Sehr geehrter Herr Präsident, meine sehr geehrten Damen und Herren! Hintergrund für die diskutierte Änderung des Landes-Immissionsschutzgesetzes ist, dass insbesondere die Stadt Mainz seit Jahren vor der Herausforderung steht, die Luftqualität zu verbessern. Es gab Jahre, in denen wurden die EU-Grenzwerte verletzt. Vor dem Hintergrund hat sich insbesondere die Stadt Mainz intensiv damit auseinandergesetzt – auch über einen sogenannten Luftreinhalteplan –, wie die Luftqualität verbessert werden kann, dies immer eingedenk der Tatsache, dass die Luftqualität unmittelbare Auswirkungen auf das Wohlbefinden, auf die Gesundheit der Menschen hat, dass insbesondere der Feinstaub und die Stickstoffoxide Belastungen für die Menschen bedeuten, die man ganz konkret vor Ort mindern kann.

Es ist eben nicht so wie beim Klimaschutz, dass das lokale Handeln nur einen kleinen Beitrag global leistet, sondern hier kann man sehr wohl mit regionalen Regelungen punkten, weil der Zusammenhang ein sehr unmittelbarer ist. Das heißt, wenn es in der Stadt Mainz oder auch in anderen betroffenen Städten gelingt, kleine und mittlere Feuerungsanlagen ökologisch verträglicher, gesundheitlich verträglicher auszugestalten, kommt das den Menschen in der Region unmittelbar zugute. Vor dem Hintergrund soll der Gesetzentwurf den Kommunen ein zusätzliches Instrument in die Hand geben, innerhalb

der bestehenden Grenzen von EU-, Bundes- und Landesrecht Regelungen zum Wohle der Bürger zu treffen.
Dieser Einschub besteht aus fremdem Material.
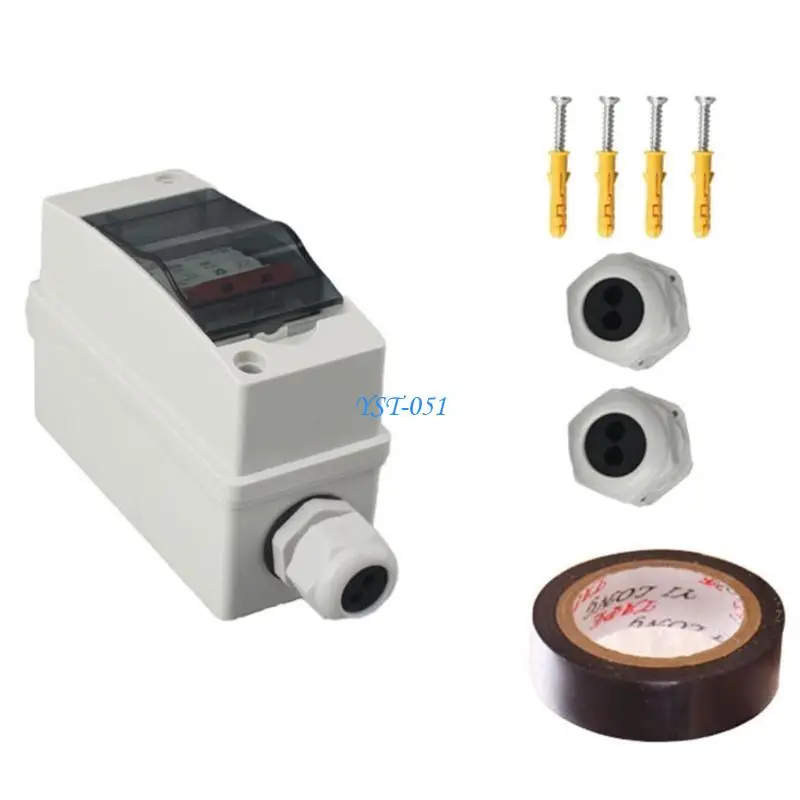 E15A Heavy Duty Solar Power Cutff Switches Isolators Switchs for Safe Energy Isolation
E15A Heavy Duty Solar Power Cutff Switches Isolators Switchs for Safe Energy Isolation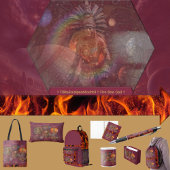 Stylo Dieux et Déesses du Feu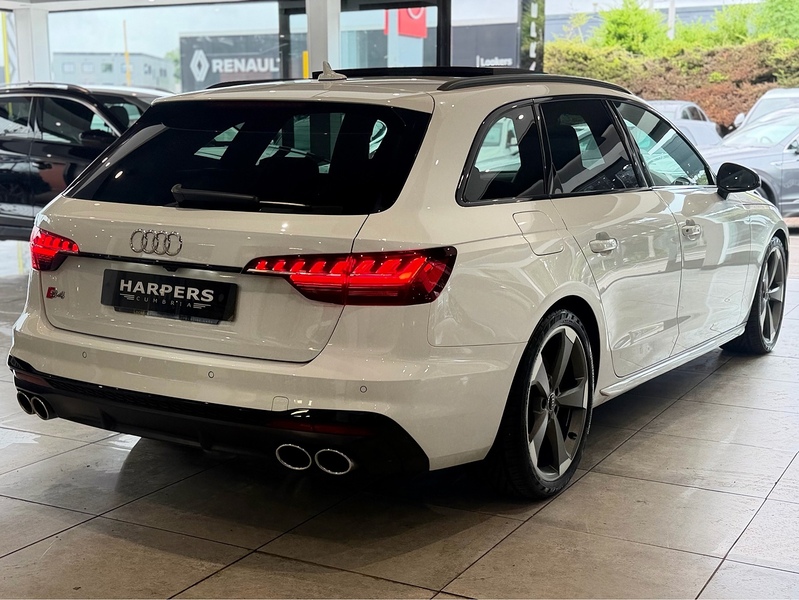 Audi S4 Avant 3.0 TDI V6 Black Edition Estate 5dr Diesel Tiptronic quattro Euro 6 (s/s) (347 ps) - U6630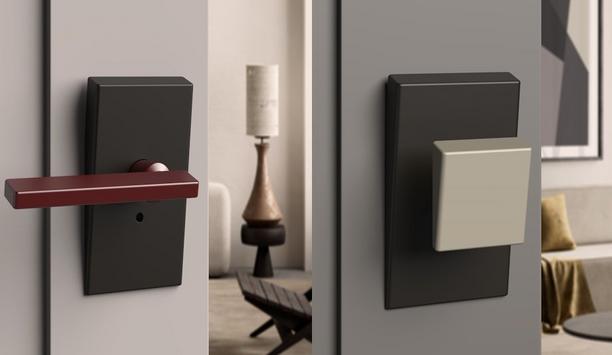 Schlage's Aspect Collection: Bold Door Hardware Designs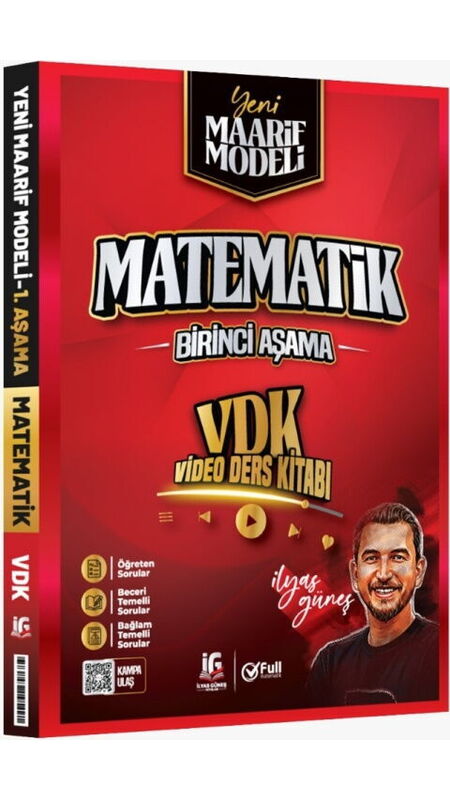 FULL MAARİF VDK İLYAS GÜNEŞ MATEMATİK - 2026-27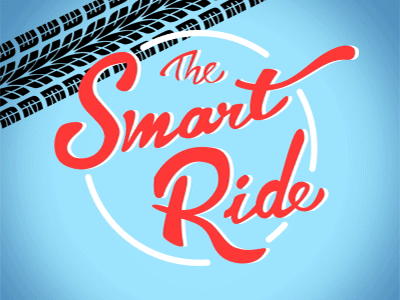 The Smart Ride after effects bikes biking design hiv logo logo animation animation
Herr Reichel, ich kann wirklich nicht nachvollziehen, wie man sich gegen eine solche Kompetenzverlagerung auf die kommunale Ebene, die gerade den Mainzern zugute käme, mit den Argumenten, die Sie vorgetragen haben, wehren kann. Ich glaube zum einen, dass die Kommunen verantwortungsvoll damit umgehen werden. Der Luftreinhalteplan hat schon eine Reihe von Maßnahmen identifiziert. Das könnte eine weitere Maßnahme sein. Darüber hinaus prüft die Struktur- und Genehmigungsdirektion (SGD), inwieweit die Satzung, die eine Kommune erlässt, innerhalb der bestehenden rechtlichen Rahmen, die ich genannt habe, angemessen ist. Wichtig ist auch, wenn eine solche Satzung erlassen wird, muss es eine Maßnahme sein, die in einem unmittelbaren Zusammenhang steht, die also geboten ist.
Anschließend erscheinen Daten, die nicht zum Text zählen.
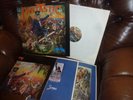 Elton John, Captain Fantastic, German DJM 2407101, Picture + 2 x Booklet LP, 12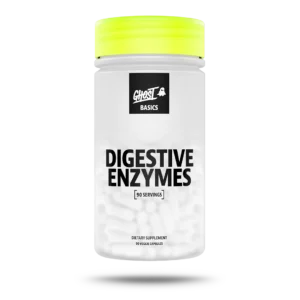 Ghost Enzimas Digestivas 90 Capsulas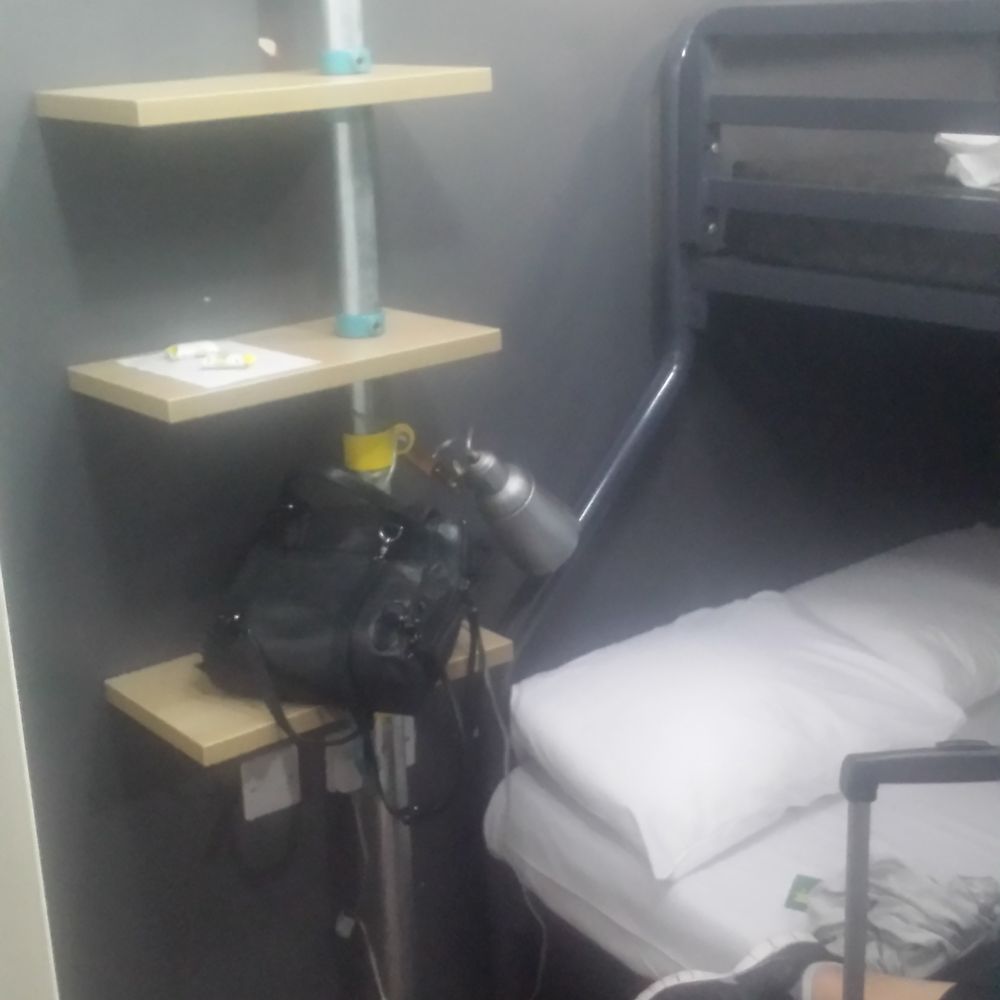 Clink 78 - Private room set up with bunk bed and our own bathroom - Hostels Near Me - London, XGL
Vor dem Hintergrund, den ich beschrieben habe, bin ich schon ein bisschen überrascht, dass Sie, obwohl wir auf einem sachlichen Weg waren, nun von diesem sachlichen Weg abweichen. Ich kann die Fragen, die Sie eben angekündigt haben, nicht sehen. Sie haben die Fragen auch nicht gestellt, nicht konkretisiert. Deshalb bitte ich Sie herzlich, Ihre Position zu überdenken; denn es geht wirklich nur um eine reine Kompetenzverlagerung auf die Städte. Die Kommunen, die kommunalen Spitzenverbände haben sich zustimmend geäußert. Es ist nicht so, dass die Landesregierung der Impulsgeber war, sondern das war eine explizite Bitte der betroffenen Kommunen und nach den Gesprächen am Ende auch eine der kommunalen Spitzenverbände. Dieser Bitte wird Rechnung getragen. Deshalb glaube ich, dass auch die CDU-Fraktion dem gut zustimmen könnte. Ich bitte Sie alle herzlich, sich entsprechend bei der Abstimmung zu verhalten.

Vielen Dank.

(Beifall der SPD und des BÜNDNIS 90/ DIE GRÜNEN)

Das Wort hat Frau Staatsministerin Höfken.
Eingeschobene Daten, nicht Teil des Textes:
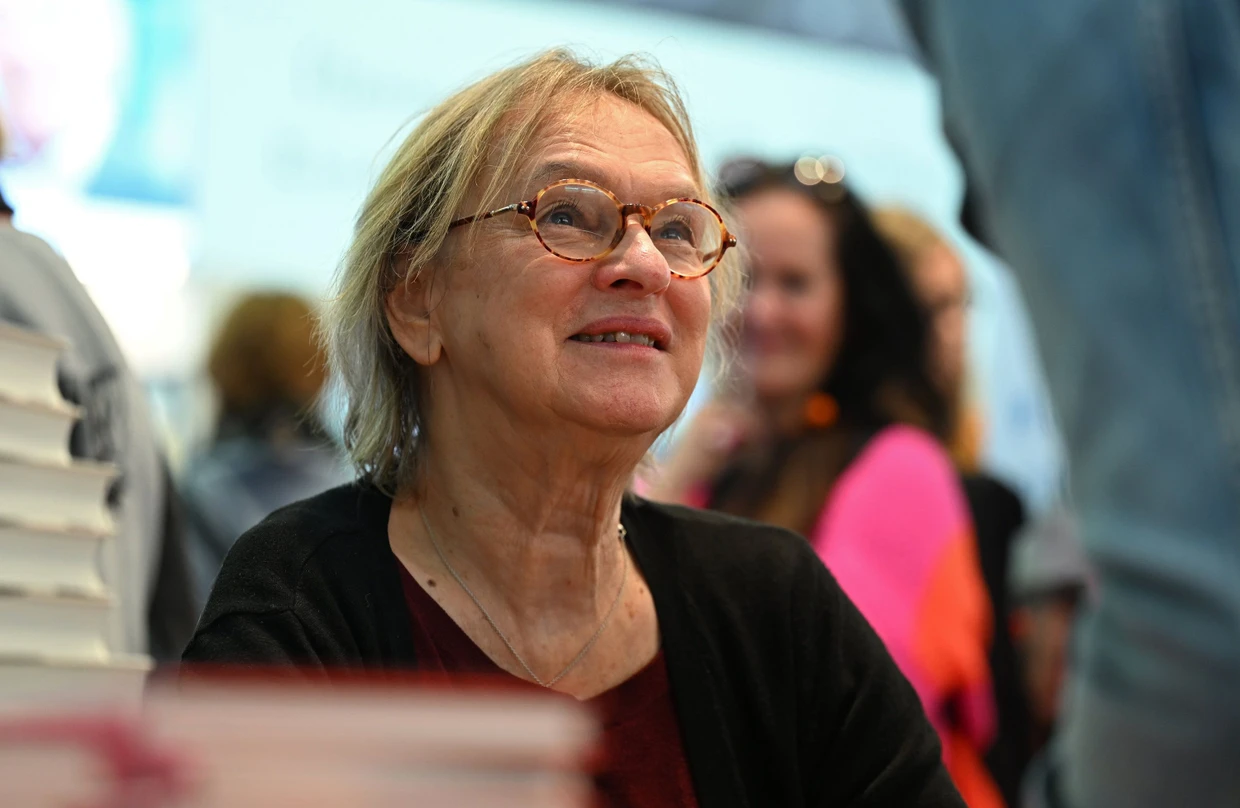 Elke Heidenreich auf der Frankfurter Buchmesse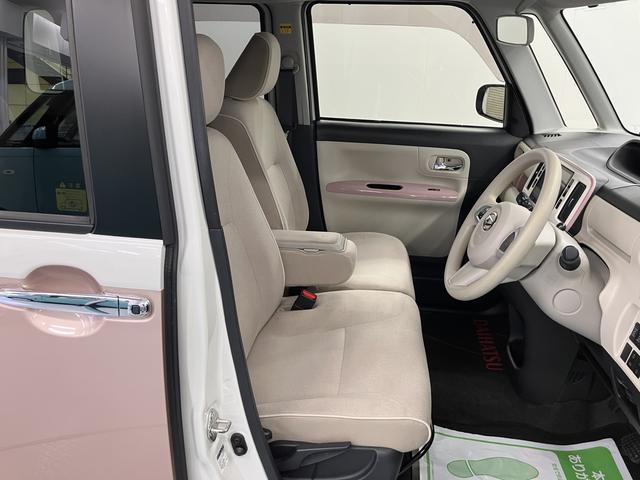 ムーヴキャンバスXメイクアップリミテッド SAIII純正ナビ パノラマモニター フルセグTV CD DVD USB Bluetooth ドラレコ 社外ETC 両側電動スライドドア オートライト プッシュスタート アイドリングストップ ベンチシート(愛媛県)の中古車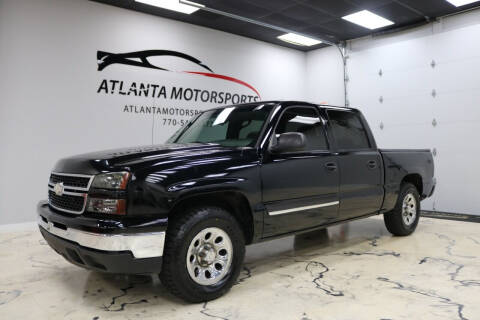 2006 Chevrolet Silverado 1500 for sale at Atlanta Motorsports in Roswell GA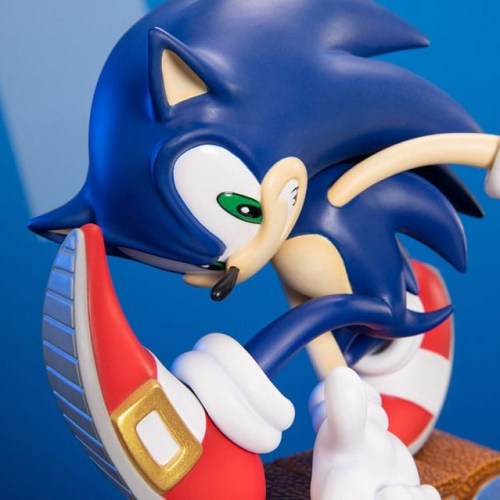 Sonic the Hedgehog Collector's Edition Sonic Adventure PVC Statue by First 4 Figures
Sehr geehrter Herr Präsident, geehrte Kolleginnen und Kollegen! Auch ich wundere mich ein bisschen über die Haltung der CDU. Der Gesetzentwurf beinhaltet lediglich eine Satzungsermächtigung für die Kommunen und trifft damit keine unmittelbar verschärfenden Regelungen. Er setzt quasi § 23 Bundes-Immissionsschutzgesetz um. Die Gesetzesänderung erfolgt auf Anregung der Kommunen, die trotz bundesrechtlicher Regelungen Probleme mit der Einhaltung der EU-Luftqualitätsgrenzwerte für Feinstaub und Stickoxide haben. Herr Reichel, das heißt, Sie treiben mit Ihrer Haltung die Kommunen in Gesetzeskonflikte. Übrigens findet dieses Gesetz die Zustimmung der Kommunen. Mainz, Ludwigshaften, Koblenz und auch Worms haben Interesse angemeldet.

Gegenstand der Satzungsermächtigung ist der Betrieb von nicht genehmigungsbedürftigen kleinen und mittleren Feuerungsanlagen nach der 1. BImSchV, nämlich die Beschränkung des Betriebs sowie der eingesetzten Brennstoffe als Möglichkeit. Es ist aber ganz klar – die Kollegen haben das schon betont –, die Betriebsbeschränkungen sind nur zulässig, soweit und solange sie zur Vermeidung schädlicher Umwelteinwirkungen geboten, also unerlässlich und verhältnismäßig sind, also beispielsweise im Fall von sehr hohen Schadstoffwerten. Diese Möglichkeiten wollen Sie den Kommunen nicht geben, um ihre gesetzlichen Verpflichtungen einhalten zu können.

Im Verfahren für den Erlass der Satzung – das ist auch schon gesagt worden – sieht der Gesetzentwurf die Beteiligung fachlich betroffener Behörden und Stellen, die öffentliche Auslegung der Satzung und die Zustimmung der SGD vor. Auch Privatpersonen und die Verbände – auch der Wirtschaft – können ihre Stellungnahme zu der kommunalen Satzung abgeben. Das heißt, mit dieser Änderung des Landes-Immissionsschutzgesetzes können die Kommunen ihre Aufgaben und gesetzlichen Verpflichtungen zur Luftreinhaltung besser erfüllen, wenn die Situation dies erfordert. Ich glaube, das sind wir unseren Bürgerinnen und Bürgern schuldig.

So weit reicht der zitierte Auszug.